* _TASK TO CARRY OUT_
The copy should hold exactly the lines below from the one that contains "Hey guys, this" through the one that contains "That was a mouthful, so" and nothing else, so no pictures.

* _DATA FOR THE TASK_
= = = = =

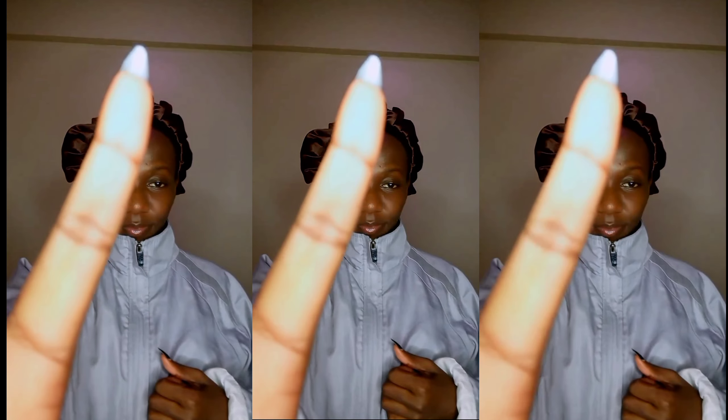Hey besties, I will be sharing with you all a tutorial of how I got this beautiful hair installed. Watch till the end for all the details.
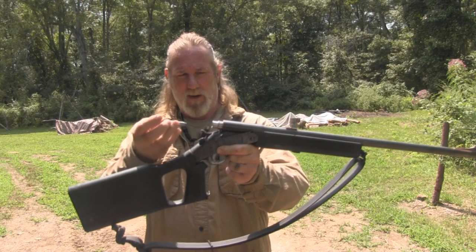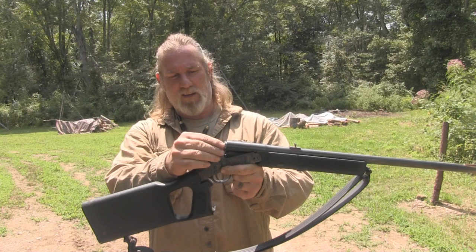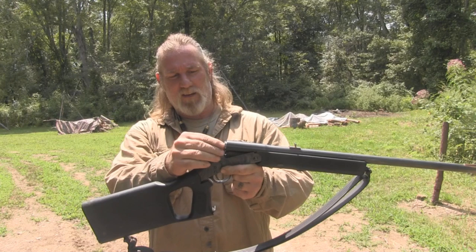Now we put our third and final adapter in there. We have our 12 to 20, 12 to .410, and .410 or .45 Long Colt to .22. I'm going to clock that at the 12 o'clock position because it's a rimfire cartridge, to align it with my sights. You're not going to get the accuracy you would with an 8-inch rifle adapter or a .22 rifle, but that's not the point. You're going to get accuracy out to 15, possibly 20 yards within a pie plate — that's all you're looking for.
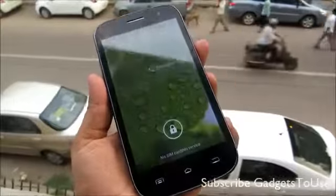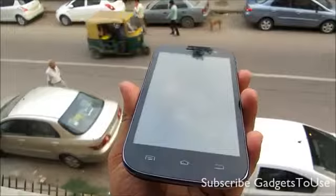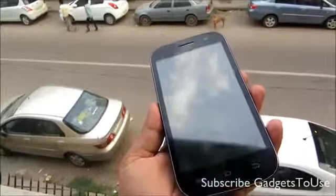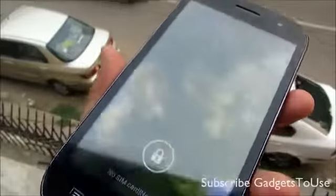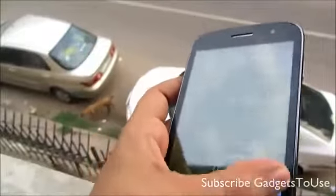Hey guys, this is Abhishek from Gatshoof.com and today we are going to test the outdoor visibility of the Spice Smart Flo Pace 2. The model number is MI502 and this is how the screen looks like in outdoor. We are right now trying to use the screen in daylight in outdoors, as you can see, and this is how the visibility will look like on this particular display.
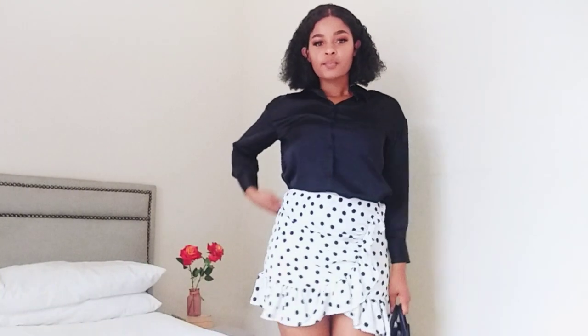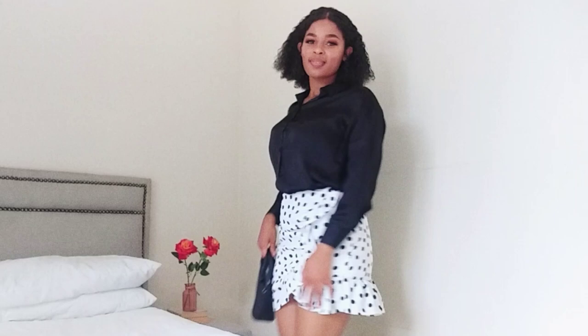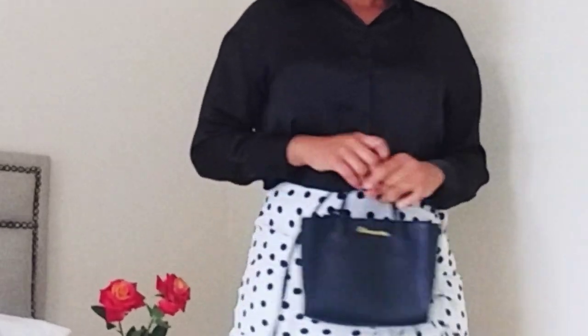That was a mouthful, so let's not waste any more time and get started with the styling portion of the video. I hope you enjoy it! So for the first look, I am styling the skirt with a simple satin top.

= = = = =

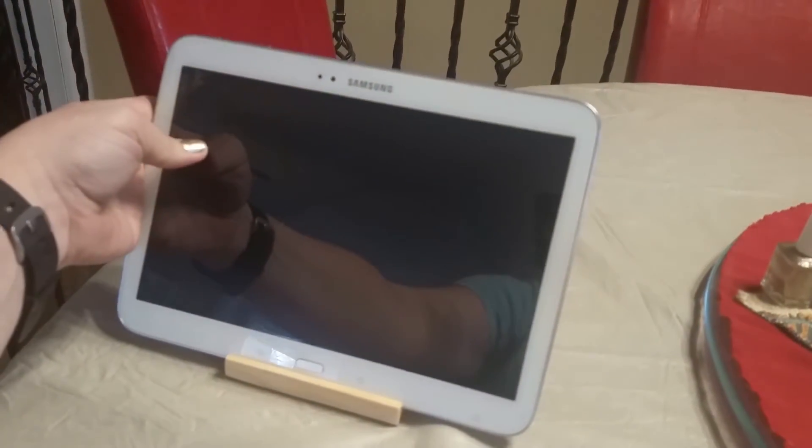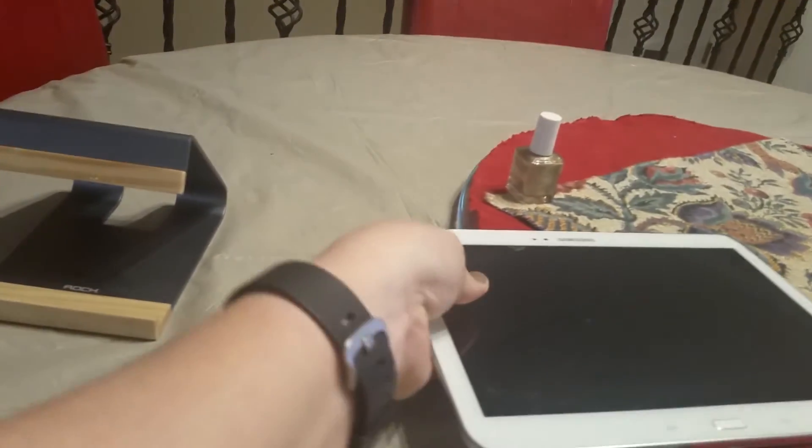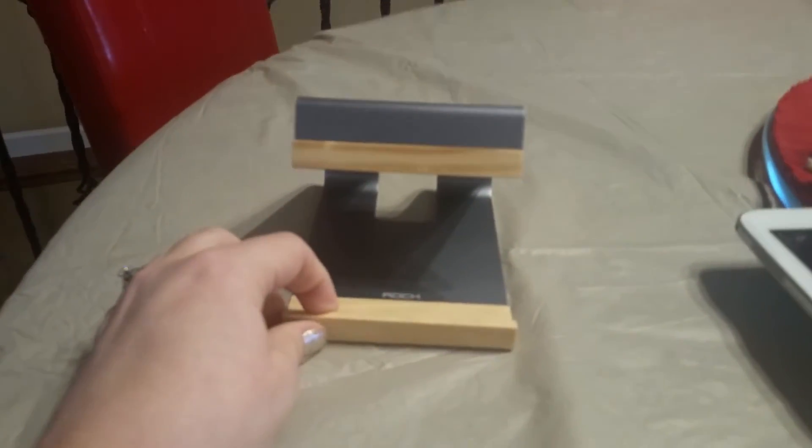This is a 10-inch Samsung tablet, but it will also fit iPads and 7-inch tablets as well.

= = = = =

* _SOLUTION_
Hey guys, this is Abhishek from Gatshoof.com and today we are going to test the outdoor visibility of the Spice Smart Flo Pace 2. The model number is MI502 and this is how the screen looks like in outdoor. We are right now trying to use the screen in daylight in outdoors, as you can see, and this is how the visibility will look like on this particular display.
That was a mouthful, so let's not waste any more time and get started with the styling portion of the video. I hope you enjoy it! So for the first look, I am styling the skirt with a simple satin top.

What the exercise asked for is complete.